Overview of Current DSP Status

Digital Signal Processor is one of the milestones on the path taken by the computing elements in electronics. When the regular microprocessors and microcontrollers were struggling to handle complex calculations, DSP devices came into picture to rescue the designers from the pain in developing tough algorithms for their applications. In fact the DSP devices have acquired power either to make or kill the applications in many fields.

During the days of 8031 Derivatives, Motorola, Rockwell, Microchip, Zilog parts, when designers were struggling to handle complex mathematical functions, DSP devices helped them manage their applications relatively easy. In many cases, where real time performance were expected, these devices saved the designers from frustration. It is obvious that with given enough time, any computing element can execute the assigned task. But real time systems demand immediate results, most of the time at the blink of eyes, to complete their working and this demands more processing power from the computing elements within the allotted time. But having more processing power is only half the story and the processor should have proper architecture to get more data and code simultaneously to manage fast incoming signals producing the new required output signals with the same rate. The architecture has to be designed exclusively for this purpose with special features. Then the processor should have power to finish requiring supervisory functions to complete the applications.

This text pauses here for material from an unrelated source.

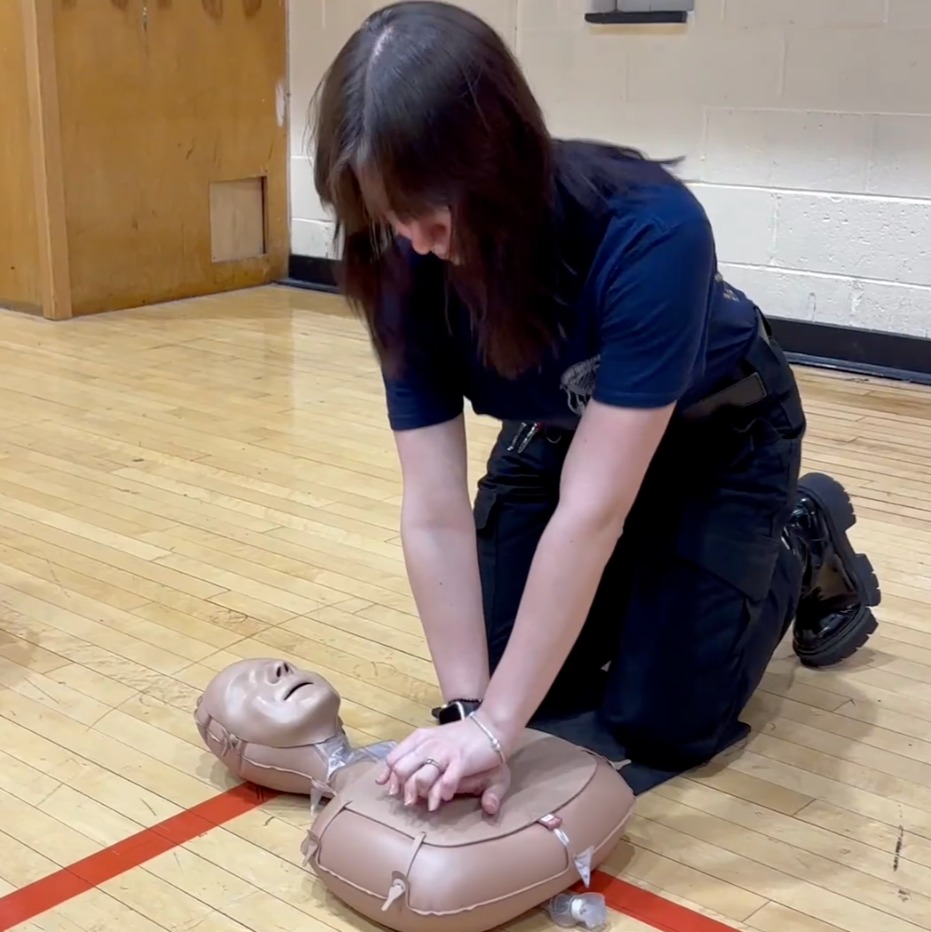 Philly students are learning hands-only CPR in school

But the arrival of DSP devices enabled designers undertake many Signal processing applications in audio, video, communication, instrumentation and control systems with ease and confidence. Many stand-alone equipments producing fast real time results came into existence just because of these devices. Naturally the semiconductor major, Texas Instruments, became more popular by launching these devices first and soon many others also followed the suit with their offerings. When TI introduced first generation DSP parts with 5 MIPS capability, everybody was surprised,because at that time, only with mainframe computers, users could get equivalent power. TI went on to create an ecosystem for these parts as a part of their marketing, which was first of its kind that time and then created history.

The DSP devices slowly evolved into an exclusive niche segment within electronics when other semiconductor majors joined with their parts. High resolution Floating point architecture came into picture to handle much complex applications. Even TI launched an advanced device with eight DSP cores working together inside of the TMS320C8xx family devices.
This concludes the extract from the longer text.